The Snow Flurry (1959)

The Snow Flurry (Kazabana)snow-flurry-dvd
Directed by Keisuke Kinoshita
Written by Keisuke Kinoshita
1959/Japan
Shochiku Eiga
First viewing/FilmStruck

 

“The snow doesn’t give a soft white damn whom it touches.” ― E.E. Cummings

This was one of those convoluted flashback stories that tends to lose me.  The color made up for some of my confusion.

The story begins where it ends, with a young man watching a bridal procession and running in despair to a river.  A woman runs after him, possibly to prevent his suicide.

Flashback to earlier days, when a man and woman attempt double suicide in that same river.  The man, Hideo, dies but his lover Sachiko survives.  Hideo was the son of a proud land-owning family and Sachiko is of humbler origins.  The patriarch of the family is so infuriated with his son that he dumps the ashes in the river.  He would really be glad if Sachiko would make a more successful attempt.  But she is pregnant.  The grandfather adopts the child who he names Suteo (“abandoned”?) into the family but both mother and son are treated essentially as servants.
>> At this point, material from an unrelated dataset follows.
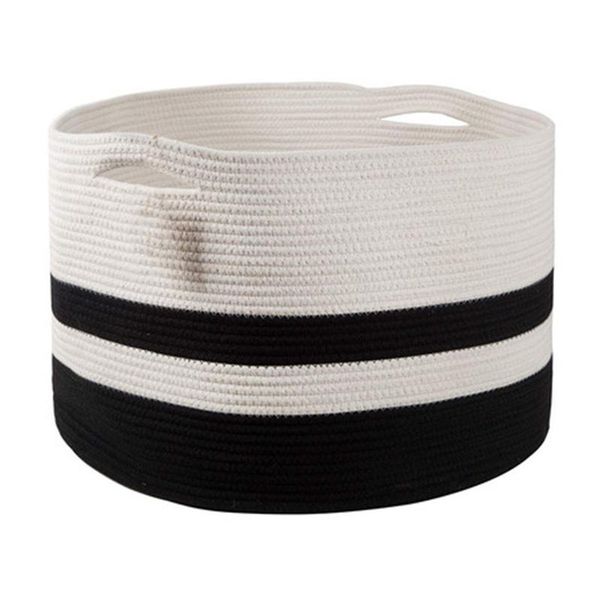 

storage baskets cotton woven rattan basket plant flower laundry bag kitchen clothes toy organizer decoration home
They are not the only miserable people in the household.  The daughter of the family is trapped there waiting for a suitable marriage while secretly in love with Suteo.  There is no snow involved.  The title refers to a phenomenon in which flower petals are blown around by the wind.

kazabana-aka-snow-flurry-1959-1

I think I might enjoy this more on a second viewing when I had some idea of the general plot line.  I didn’t love it enough, however, that that is likely to happen any time soon.